Local news outlets from the Florida panhandle region reported Wednesday morning that an unmanned aerial vehicle crashed on the drone runway at Tyndall AFB during take-off at 8:20 a.m. EST that morning. Eyewitnesses told WJHG News that the drone “came in hard and fast” before it crashed.
According to the network, Tyndall officials said the drone was carrying a small self-destruct charge and “had to be destroyed for safety considerations during its return to base following a routine operation.”
Following the accident, the UAV reportedly went up in flames and started a ground fire, prompting authorities to close nearby Highway 98. They’ve reported no injuries.

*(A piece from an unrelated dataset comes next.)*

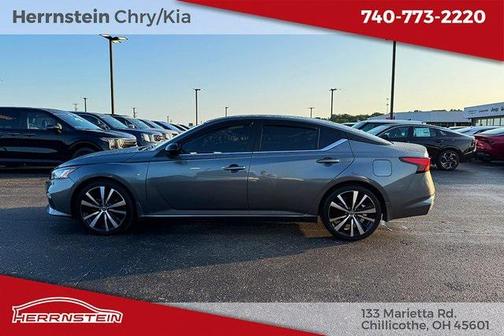 2022 Nissan Altima SR FWD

“This closure is being done strictly as a precautionary measure due to fires resulting from the crash and a small self-destruct charge carried on board the drone,” officials from Tyndall said in a statement. “The status of this device is unknown, however it is powered by a short-life battery which will be fully depleted in 24 hours.”
The Air Force described the QF-4 as a supersonic, reusable full-scale target drone modified from the F-4 Phantom and “provides a realistic full-scale target for air-to-air weapons system evaluation, development and testing.” The aircraft measures 63 feet long, 30,328 pounds and has a wingspan of more than 38 feet. Converting each jet to a UAV costs the Air Force an average of $2.6 million.
Only last week, officials at Tyndall ordered another QF-4 to self-destruct over the Gulf of Mexico. “The drone was carrying a small self-destruct charge and had to be destroyed for safety considerations during its return to base following a routine operation,” Tyndall announced at the time.
Late last year, an F-22 Raptor fighter jet crashed near Tyndall AFB, again prompting officials to close down Highway 98. An Air Force pilot safely ejected from the aircraft before the jet crashed a quarter-mile east of the drone runway.